Il sistema immunitario, inibito dallo stress, protegge da infezioni batteriche e virali nonché da patologie neoplastiche. Qing Li ne valuta l’efficienza in relazione ai “bagni di bosco”, misurando prima e dopo ogni “bagno di bosco” le cellule Nk (Natural killer), ovvero i linfociti che attaccano e distruggono le cellule “nemiche”. Un giorno di immersione può aumentare del 40% le cellule Nk per un’intera settimana, e due giorni possono mantenere per tutto il mese un incremento del 50%. Qing Li mette in evidenza che un “bagno di bosco” mensile incrementa stabilmente l’attività dei linfociti Nk e delle cellule “anticancro”.
Yoshifumi Miyazaki ha invece studiato gli effetti della natura sul sistema nervoso autonomo, composto da “simpatico” e “parasimpatico”. Il primo presiede a reazioni di “attacco e fuga”, il secondo ad attività di “riposo e recupero”. Le situazioni di stress attivano il sistema simpatico, che a sua volta libera adrenalina e cortisolo. Ne consegue: aumento della pressione, accelerazione del battito cardiaco e blocco della digestione. Quando l’organismo si rilassa, prevale il parasimpatico che promuove un recupero di energia: il cuore rallenta, la pressione sanguigna si abbassa e il ritmo digestivo procede con regolarità.
Natura e salute
Lo stress è fisiologico quando permette di fronteggiare situazioni di emergenza, ma il suo perdurare è dannoso: mantiene i livelli di cortisolo al di sopra della norma ed espone al rischio di malattie cardiocircolatorie, quali ictus e infarto. La pratica tradizionale giapponese dei “bagni di bosco” riduce cortisolo e adrenalina, e i suoi effetti benefici sono molteplici: riduce ansia, aggressività e spossatezza mentre regolarizza la pressione arteriosa e la frequenza cardiaca.

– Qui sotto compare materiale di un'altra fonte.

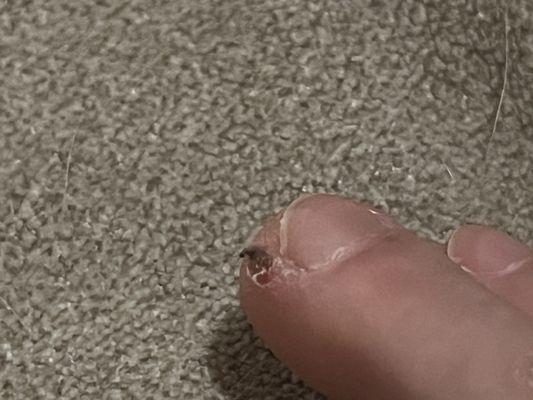 Gash left by an unsanitized drillbit, too large for such small toenails. Carelessly used, unsanitized. Saw naildust on it prior to use on me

È dimostrato che l’immersione nella natura rasserena anche il sonno e aumenta la capacità di concentrazione e at-tenzione, ma basta anche soltanto “contemplare il verde” per migliorare il proprio stato di salute. Dal 1972 al 1981 Roger Ulrich ha osservato il decorso di pazienti operati alla colecisti in un ospedale della Pennsylvania: colo-ro che dalla camera vedevano degli alberi avevano una degenza più breve e più serena di coloro che dalla finestra vedevano solo una parete di cemento.
Medicina forestale
Il “bagno di bosco” non è una forma di esercizio fisico né un’escursione: è importante muoversi lentamente e respirare profondamente per immergersi nell’atmosfera della foresta, entrare in connessione con la natura e farne esperienza attraverso l’uso consapevole dei cinque sensi.
Una parte importante dei protocolli di immersione forestale è dedicata proprio all’attivazione dei sensi: osservare i colori, le forme e le simmetrie della natura; toccare gli alberi, le foglie, l’erba e la terra; odorare i profumi e le essenze del bosco; gustare il sapore dei fiori e dei frutti commestibili e ascoltare i suoni del bosco. Diventa essenziale anche sostare, per diventare un tutt’uno con esso, e chiudere gli occhi per prendere consapevolezza della natura che è in noi.
In Giappone, la medicina forestale viene insegnata nelle università e prescritta come terapia medica. Anche in Scozia e in Svezia la terapia forestale è regolamentata e prescritta dal sistema sanitario. In Italia, invece, non è ancora conosciuta e tanto meno riconosciuta come disciplina di medicina complementare e bionaturale. Per promuoverla e renderla prescrivibile, nel 2018 è nata l’Associazione Italiana di Medicina Forestale (Aimef).